Because "Clemency" saw limited release in 2019 (it debuted at the Sundance Film Festival and saw a small theatrical run in late December), it's considered a 2019 movie according to the award circuit. Had it come out a bit earlier, and had more eyeballs witnessed this shocking (no pun intended) story and the electric (pun intended), emotionally-raw performance by Alfre Woodard, there is NO QUESTION that she would be right in the thick of the Oscar mix.
The opening 15 minutes of "Clemency" details what is maybe the most powerful,
stunning scene put to film all year long. Warden Bernadine Williams (Alfre Woodard) is overseeing a man on Death Row being put to death. The scene spares no details, and the effectiveness - and the fact that it almost makes you turn away from the screen - sets the stage for the contemplative and intellectually-enlightening drama that is to come.
The brilliance of it, a film written and directed by Nigerian-American female director Chinonye Chukwu, is that this is not a "wordy" debate. The struggle plays out internally on the face of Woodard and the rest of this terrific supporting cast (with Aldis Hodge and Wendell Pierce as stand-outs). Williams struggles with the moral position that her job puts her in, and while we sympathize with those that are about to have their lives taken from them via taxpayer money, the real draw is what will happen to this woman who has been beyond-shattered, and who can't undo the things that she has taken part in.

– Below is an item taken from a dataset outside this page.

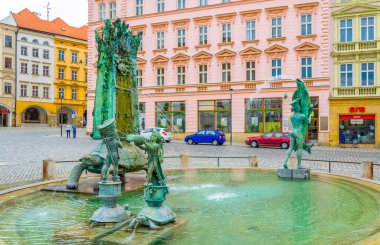 OLOMOUC, CZECH REPUBLIC, 16 Nisan 2016: Olomouc kentindeki arion çeşmesinin manzarası.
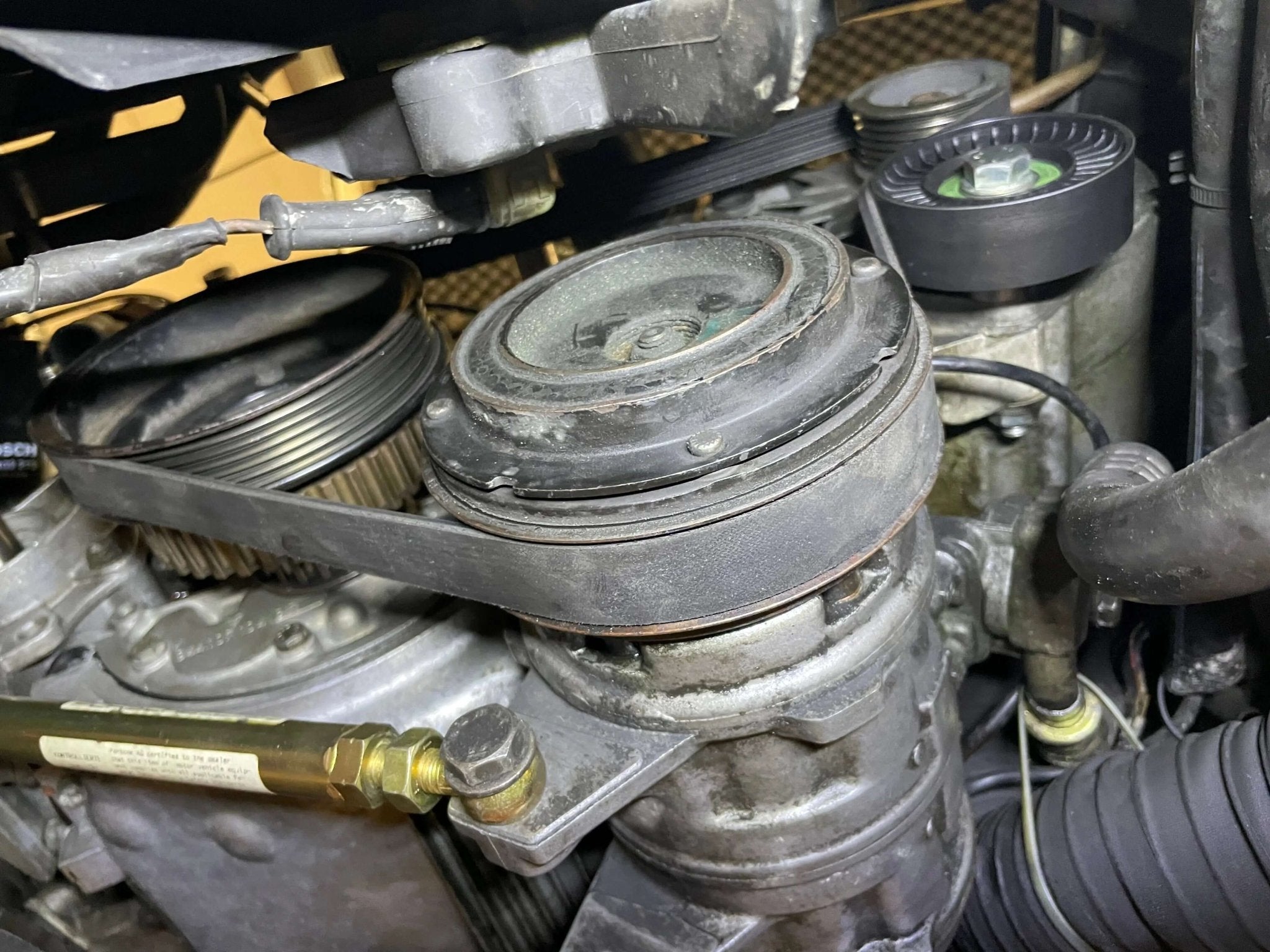 Porsche 944/968 extra looprol multiriem modificatie (airco) - 928-944parts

There have been several movies made about Death Row, about the broken social and criminal justice system in America and about this country's prison culture. But "Clemency" humanizes these topics in a way that few movies have. When debating this issues on a larger scale, it's very easy to overlook the real lives that are at stake...not just the criminals - some wrongly accused and others who maybe deserve their fates - but the citizens that are tasked to perform these truly barbaric rituals. And the parents, the mothers, the families that are affected.
In that opening scene, Williams must coldly deliver news to a grieving mother that her son is going to be executed, that he was not granted clemency from the state. Imagine having to detach yourself emotionally from the mother, whom clearly isn't the one who committed the crime but who will undoubtedly pay for it for the rest of her life just the same. Then imagine trying to go home and be with your family, only to return to "work" the next day and have to systematically end more lives, all in the name of "justice."
Woodard gives an absolutely breath-taking, internalized performance that is among the best that you'll see this or any year. And despite being overlooked during the past awards season, she deserves recognition somehow, someway.
When it comes to looking at a controversial subject through an unrelenting lens, "Clemency" shows no mercy.
Run Time: 1 hour 52 minutes.
Starring: Alfre Woodard, Aldis Hodge, Richard Schiff, Wendell Pierce, LaMonica Garrett.
Written and Directed by Chinonye Chukwu ("alaskaLand").
"Clemency" opens in theaters on Friday, February 7th, 2020.